In every step of this long, hard journey…
Jesus is walking next to us…
supporting us in our weakness
and carrying us when we can no longer walk the road alone.

The modern world brings with it ever more vicious struggles for people today.

Today is the end of White Ribbon Week…
a week dedicated to raising awareness about a certain kind of modern vice.

This is a vice that comes to us through books and magazines…
through television…movies…even the telephone…and especially the internet.
A vice that threatens to destroy marriages.
A vice that mocks and undermines God’s plan for human sexuality.
A vice that exploits women.
A vice that warps young minds and lures young souls away from God and family.
A vice that consumes 12% of all internet sites and in a multi-million dollar industry.
A vice which is among the most commonly confessed sins in the Sacr. of Penance.
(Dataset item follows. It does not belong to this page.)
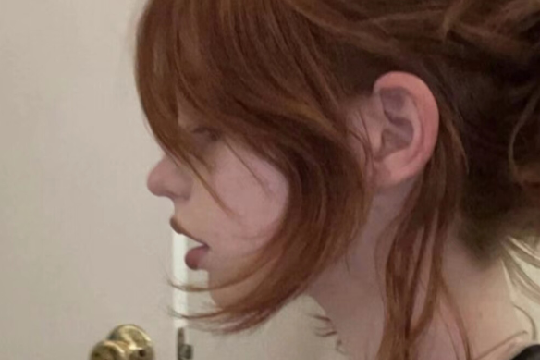 天秤男睡过白羊女后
Out of sensitivity to innocent ears, I shall spare further details.

Suffice it to say…
pornography is an epidemic in our world today…
one that threatens the moral fabric of western civilization.

This White Ribbon Week we all have a role to play in stemming this tide of evil.

If this vice threatens you or your family…
seek the help you need to break the addiction.

Some families choose not to have the internet or television in their homes.
Others monitor it carefully to protect their children…and themselves.

You can stand up for the truth of your Christian values and virtues…
and declare by where you spend your money
that you will not support an industry of deviancy and immorality.

You can call your congressmen and encourage them to support anti-obscenity laws.
complain to city hall about undesirable businesses in your neighborhood
and write letters to the editors of the local papers defending moral positions.
Most of all…
we can all pray very hard that those caught up in sin and its effects
find freedom and peace in the truth and love of Jesus Christ.

The love and mercy of God is powerful enough to conquer every evil.
In that mercy and love we place our trust…
as we climb…not a sycamore tree…but the tree of life…the Cross.

We embrace the Cross of Christ and the crosses each of us bears daily in life…
and we strain…and struggle…and climb…
until we behold the face of Jesus…
who gazes into our eyes and asks to come stay in our house.

And so we receive Him with joy…
Body and Blood, soul and divinity, in the Eucharist…
into the dwelling of our souls.

Intimately united to Jesus…
we struggle on to praise His name and glorify Him forever!